I'm trying to extract the value of an JSON object using jq --stream
, because the real data can the size of multiple GigaBytes.
This is the JSON I'm using for my tests, where I want to extract the value of item
:
{
"other": "content here",
"item": {
"A": {
"B": "C"
}
},
"test": "test"
}
The jq
options I'm using:
jq --stream --null-input 'fromstream(inputs | select(.[0][0] == "item"))[]' example.json
However, I don't get any output with this command.
A strange thing I found is that when removing the object after the item
the above command seems to work:
{
"other": "content here",
"item": {
"A": {
"B": "C"
}
}
}
The result looks as expected:
❯ jq --stream --null-input 'fromstream(inputs | select(.[0][0] == "item"))[]' example.json
{
"A": {
"B": "C"
}
}
But as I cannot control the input JSON this is not the solution.
I'm using jq version 1.6 on MacOS.
You didn't truncate the stream, therefore after filtering it to only include the parts below .item
, fromstream
is missing the final back-tracking item [["item"]]

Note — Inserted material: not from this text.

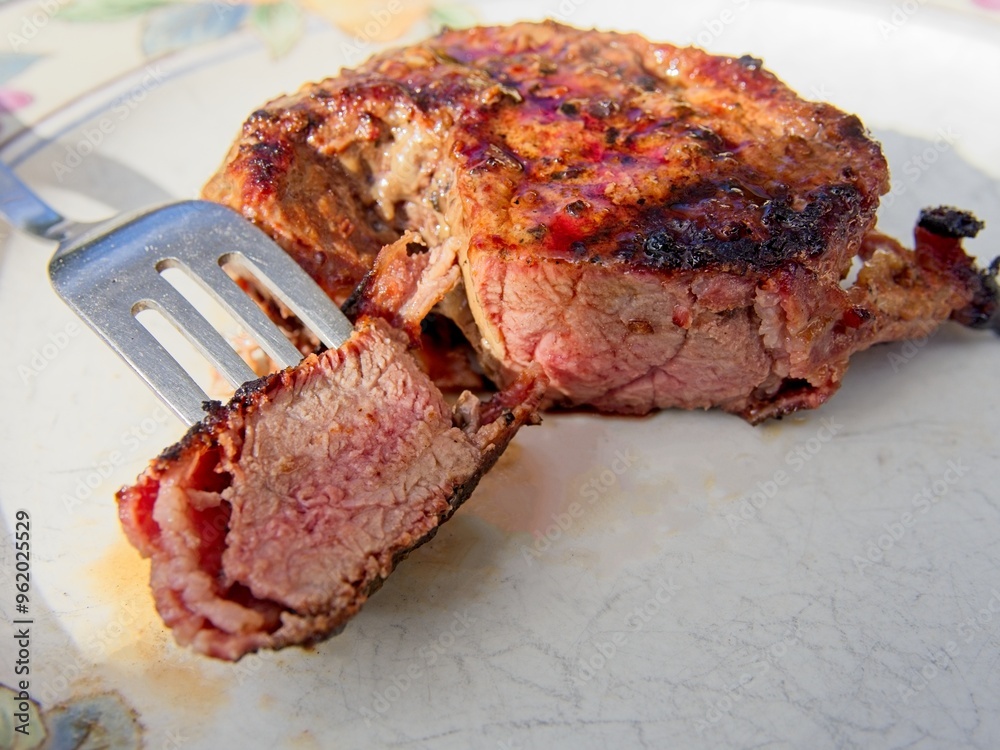Tournedo steaks grilled on charcoal grill medium rare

. Either add it manually at the end (not recommended, this would also include the top-level object in the result), or, much simpler, use 1 | truncate_stream
to strip the first level altogether:
jq --stream --null-input '
fromstream(1 | truncate_stream(inputs | select(.[0][0] == "item")))
' example.json
{
"A": {
"B": "C"
}
}
Alternatively, you can use reduce
and setpath
to build up the result object yourself:
jq --stream --null-input '
reduce inputs as $in (null;
if $in | .[0][0] == "item" and has(1) then setpath($in[0];$in[1]) else . end
)
' example.json
{
"item": {
"A": {
"B": "C"
}
}
}
To remove the top level object, either filter for .item
at the end, or, similarly to truncate_stream
, remove the path's first item using [1:]
to strip the first level:
jq --stream --null-input '
reduce inputs as $in (null;
if $in | .[0][0] == "item" and has(1) then setpath($in[0][1:];$in[1]) else . end
)
' example.json
{
"A": {
"B": "C"
}
}